2018 Instructions for Form FTB 2424 Water’s-Edge Foreign Investment Interest Offset
General Information
Revenue and Taxation Code (R&TC) Section 24344(c) provides that interest expense incurred for purposes of foreign investment (as defined below) may be offset against the foreign dividend deduction allowed under R&TC Section 24411. The foreign investment interest offset may not exceed the total foreign dividend deduction allowed for the taxable year.
Use form FTB 2424, Water’s-Edge Foreign Investment Interest Offset, to compute the foreign investment interest offset. The amount of interest expense attributable to foreign investment is equal to the amount of interest expense specifically assigned to foreign investment plus the amount of unassigned interest expense allocated to foreign investment. Unassigned interest expense is allocated by formula. The amount of the offset is limited to the lesser of the following:
- The sum of interest expense specifically assigned and interest expense allocated to foreign investment.
- The foreign dividend deduction.
This limited amount is multiplied by 75% to arrive at the foreign investment interest offset. Interest expense that exceeds the offset amount will be subject to the standard interest offset computation of R&TC Section 24344(b). See FTB Notice 2000-9.
If there is no foreign dividend deduction under R&TC Section 24411, then no foreign interest offset computation is necessary.
A. Definitions
1. Foreign investment
Foreign investment is stock or other equity investment, which is included in total assets, regardless of when it was acquired, in the following instances:
- An entity whose dividends would be qualifying dividends for purposes of R&TC Section 24411.
- A non-affiliated corporation that is organized under the laws of a country or political subdivision of a country other than the United States.
To determine the asset value for the foreign investment, see Section B “Asset Values.”
2. Interest expense assigned to specific property
Interest expense is considered to be related solely to specific property, if the existence of all of the facts and circumstances described below is established:
- The indebtedness on which the interest was paid was specifically incurred for the purpose of purchasing, maintaining, or improving the specific property.
- The proceeds of the borrowing were actually applied to the specified purpose.
- The creditor can look only to the specific property (or any lease or other interest therein) as security for payment of the principal and interest of the loan and, thus, has no secured interest in any other property of the borrower or the borrower itself with respect to repayment of the loan.
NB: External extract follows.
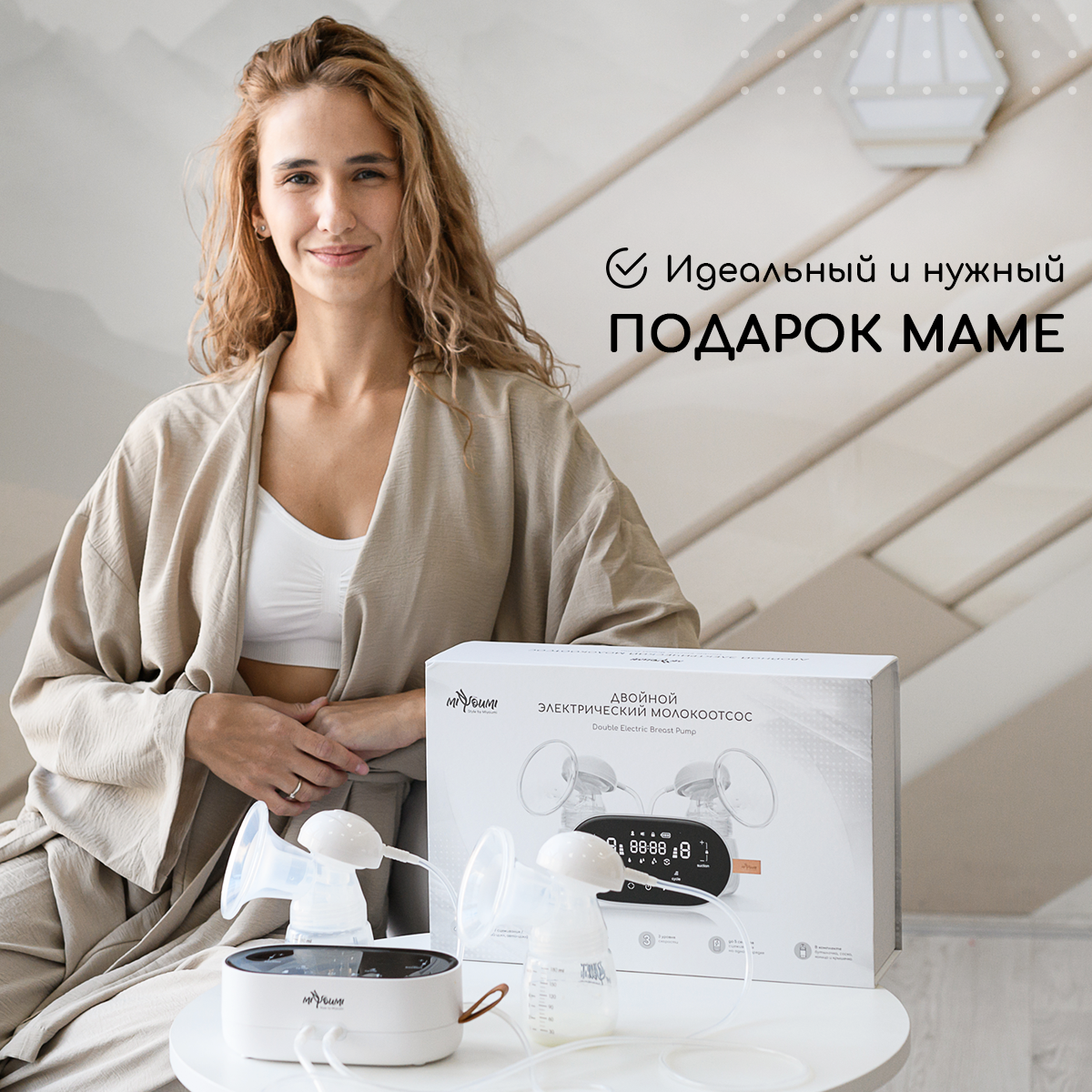 Молокоотсос электрический Miyoumi двойной - фото 18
Even though the above facts and circumstances are present in substance as well as form, a deduction for interest will not be considered definitely related to a specific property where the motive for structuring the transaction in the manner described above was without any economic significance.
3. Unassigned interest expense
Interest expense paid that does not meet the above conditions to be assigned, is unassigned interest expense.
4. Interest expense on restricted accounts
Interest expense on restricted accounts is interest expense paid on new debt incurred on or after January 1, 1988, if the proceeds of the debt are deposited into an account that prevents its use for foreign investment and the account is not, in fact, used for foreign investment. However, debt shall not be treated as incurred on or after January 1, 1988, if the majority of the proceeds were used to refinance debt incurred prior to January 1, 1988, or the debt arises pursuant to a line of credit or similar arrangement.
5. Total assets
Total assets means all of the assets of a corporation included in a water’s‑edge combined report by reason of R&TC Section 25110, after the elimination of intercompany accounts of assets.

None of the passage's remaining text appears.